In Babcock, the defendant insurers appealed the Trial Court’s determination that they owed the plaintiff-insureds $80 million, plus over $15 million in pre-judgment interest, as reimbursement of the plaintiffs’ settlement of the underlying claims, even though the insurers had objected to and never consented to that settlement, because the $80 million settlement was “fair and reasonable.” The Appellate Court rejected the Trial Court’s “fair and reasonable” standard, vacated the judgment against the insurers, and remanded for a new trial that must be directed at determining (1) whether the plaintiffs had actually rejected the insurers’ defense subject to a reservation of rights; and (2) whether the insurers acted in bad faith by rejecting the $80 million settlement and, as alleged, declining to participate in the underlying settlement negotiations.
Seeking to balance the insured’s incentive to develop evidence of non-coverage and to reject settlement offers at or near the policy limits against the insured’s incentive to terminate litigation by settling within its coverage limits irrespective of the merits of its defense, the Babcock Court considered three competing solutions to this balancing act adopted in other states, rejecting two and adopting the third. First, it rejected the notion of allowing the insurer to insist upon consent to any underlying settlement only as to those claims that the insurer has unconditionally assumed liability under the policy, as articulated by the Arizona Supreme Court in United Servs. Auto Ass’n v. Morris, 741 P.2d 246 (Ariz. 1987), as too tilted in favor of the insured. It also rejected the idea of relieving the insurer’s obligation to reimburse the insured for a settlement it reached without the insurer’s consent unless the insurer, in bad faith, breached the contract by arbitrarily refusing to settle, as adopted in Vincent Soybean & Grain Co., Inc. v. Lloyd’s Underwriters of London, 246 F.3d 1129 (8th Cir. 2001), as “too cavalier” regarding the risks imposed upon the insured. Instead, the Superior Court adopted the third approach set forth above, which it drew from Florida precedent, Taylor v. Safeco Ins. Co., 361 So.2d 743 (Fla. Ct. App. 1978), because it gives the insured the option of declining a defense subject to a reservation of rights — thus eliminating the prospect of a conflict-of-interest at the outset of the underlying litigation — but protects the insurer’s full control of the litigation when the insured accepts that defense, subject to its obligations of good faith.
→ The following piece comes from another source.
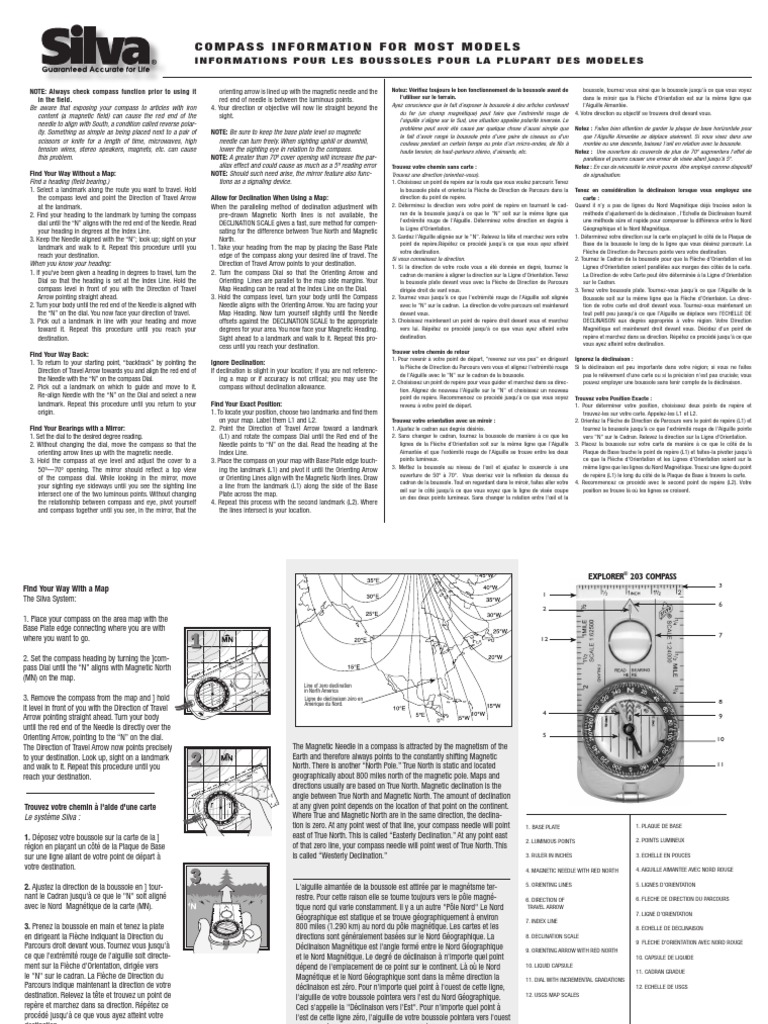 General Compass IM 09 | PDF | Compass | Magnetism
The Babcock decision thus reassures liability insurers defending underlying litigation subject to a reservation of rights that they maintain full control of the defense and settlement of that litigation, consistent with policy terms and subject to good faith obligations, provided that the insured has accepted their tender of the defense. But the insured’s new option to reject the insurer’s conditional defense, settle on its own, and recover its defense costs and settlement “should coverage be found,” as the opinion states, raises an interesting question of whether and to what extent Pennsylvania law would allow the insurer to argue in such a later recovery proceeding that coverage does not exist, such as where the underlying settlement extinguishes both covered and non-covered claims. Assuming that the Babcock analysis withstands further appellate scrutiny, further litigation over this related question seems likely.